28 women share their top business tips

If there’s one thing we’ve always loved, and that has really helped us on our own journey in building our business, it’s getting advice from other entrepreneurs.

Nothing beats generously shared, real, hard-won experience. It helps you to feel less alone. To avoid some of the potholes that may have left others battle-scarred. And it can save you time, energy, hope and money.

Running your own business can be lonely

Let’s face it, launching and growing your own business can be a lonely experience. You have no colleagues to complain to, nor manager to support you and keep you on track.

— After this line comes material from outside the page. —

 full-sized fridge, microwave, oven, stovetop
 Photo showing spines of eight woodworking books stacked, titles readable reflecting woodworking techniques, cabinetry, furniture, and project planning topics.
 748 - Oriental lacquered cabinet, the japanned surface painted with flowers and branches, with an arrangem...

And when you hit a roadblock it can feel like it’s just you who is struggling.

But trust us, there is virtually no bump in the road that other entrepreneurs haven’t overcome before you. So, to help spread some of the amazing wisdom and experience out there, we asked the wonderful women in our free Facebook group the TLC Business Club what advice they’d love to share with other entrepreneurs.

So here’s the generously shared, real, hard-won experience from 28 female business owners.

1) Know your value

Stick to your ethos and offering something of quality, know your USP/value and don’t waiver. Know that you may not pay yourself much in the first couple of years, especially if you take on other staff, but perseverance is key if you know what you’re offering has a market.

Don’t let anyone dictate to you how to run your business (know your red lines with customers) but do take advice from others who have proven themselves in your industry.

Fiona Ramasami

2) Hire a coach or join a mastermind

I have learned over the past five years to become more fluid in my business. See what’s working, and do more of that. Make sure you know where your revenue is coming from. Take time out to actually look at your business, and connect with others.

Hiring a coach or joining a mastermind can really shift gears in your business. Focus on getting better first, then growth. I talk about my shifts in this podcast episode.

Louise Brogan

3) Surround yourself with cheerleaders

A good network of cheerleaders is essential! Starting and running your own business can be stressful so try to surround yourself with people that fully support you, people that are going to pick you up when the going gets tough and not bring you further down.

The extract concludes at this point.